After more than twenty years in print, David Wolfe’s Tales from the Underground: A Natural History of Subterranean Life (Basic Books, 2001) is still an excellent introduction to a highly overlooked world. As Wolfe says in his introduction, quoting a statement from Leonardo da Vinci that is true today, “We know more about the movement of celestial bodies than about the soil underfoot” (2). This unknowing is likely one of the reasons why we have a problematic relationship with the earth we step on.
Wolfe’s book taught us that all that is under us is not only extraordinary but necessary to understand life on our planet and, therefore, could be one of the ways to know how to face the climate crisis we live in. We do not know yet how life started on planet Earth, and one of the theories gaining ground is that life begins not in water but deep in the soil. Hence, maybe drawing our attention to that depth can make us reconnect to the principles of life and get the knowledge to stop harming the place where we are.

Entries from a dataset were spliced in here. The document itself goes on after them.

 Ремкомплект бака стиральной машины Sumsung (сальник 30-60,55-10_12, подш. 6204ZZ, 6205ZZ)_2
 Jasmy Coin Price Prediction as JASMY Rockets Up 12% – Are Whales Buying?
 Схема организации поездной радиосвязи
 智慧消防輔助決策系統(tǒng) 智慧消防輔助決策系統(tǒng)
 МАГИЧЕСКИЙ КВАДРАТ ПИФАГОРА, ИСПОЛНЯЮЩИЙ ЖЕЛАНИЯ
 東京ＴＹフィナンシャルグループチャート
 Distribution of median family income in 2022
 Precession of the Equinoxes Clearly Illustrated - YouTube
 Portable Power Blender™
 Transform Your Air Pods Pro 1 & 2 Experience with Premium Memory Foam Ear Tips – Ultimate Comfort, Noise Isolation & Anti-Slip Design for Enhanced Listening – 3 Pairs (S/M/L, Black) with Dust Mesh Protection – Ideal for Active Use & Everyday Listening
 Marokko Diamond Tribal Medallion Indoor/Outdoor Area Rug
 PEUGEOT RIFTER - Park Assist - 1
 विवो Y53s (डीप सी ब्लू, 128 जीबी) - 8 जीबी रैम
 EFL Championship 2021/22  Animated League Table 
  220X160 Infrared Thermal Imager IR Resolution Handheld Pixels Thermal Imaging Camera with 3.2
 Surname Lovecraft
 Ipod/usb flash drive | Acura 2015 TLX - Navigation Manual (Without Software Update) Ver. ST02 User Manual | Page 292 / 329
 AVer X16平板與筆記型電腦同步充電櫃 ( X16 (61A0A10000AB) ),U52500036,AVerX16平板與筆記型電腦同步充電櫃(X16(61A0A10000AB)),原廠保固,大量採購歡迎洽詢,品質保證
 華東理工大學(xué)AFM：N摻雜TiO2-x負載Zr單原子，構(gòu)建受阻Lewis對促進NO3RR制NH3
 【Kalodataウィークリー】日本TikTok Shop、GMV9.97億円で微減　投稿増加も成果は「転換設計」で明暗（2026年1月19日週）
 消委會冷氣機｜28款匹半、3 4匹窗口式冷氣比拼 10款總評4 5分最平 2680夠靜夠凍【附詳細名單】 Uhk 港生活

All the processes that happen underground have a lot to teach us. Down there, it is possible to find organisms that seem not to follow the norms that we think apply to all living beings. The most popular example of this is the networks that plants and fungi create. Wolfe explains that “in some ecosystems the sharing of resources through such networks is so great that the plant communities function as a unified ‘guild’ and the distinction between individual plants becomes blurred” (103).
The world underground enables the possibility of conceiving different forms of individuals, which means other forms of understanding life. If the communication and connection among different individuals and species allow the limits to blur, we realize that all the organisms on the planet are part of the same stream of life, so all of us should care for each other to survive.
Wolfe’s book not only describes what happens under our feet, it also exposes us to a new way to be in the world when we understand the planet is not something apart from us. We are the planet; we are also the place where life lives. Therefore, we must care for the planet as we care for ourselves.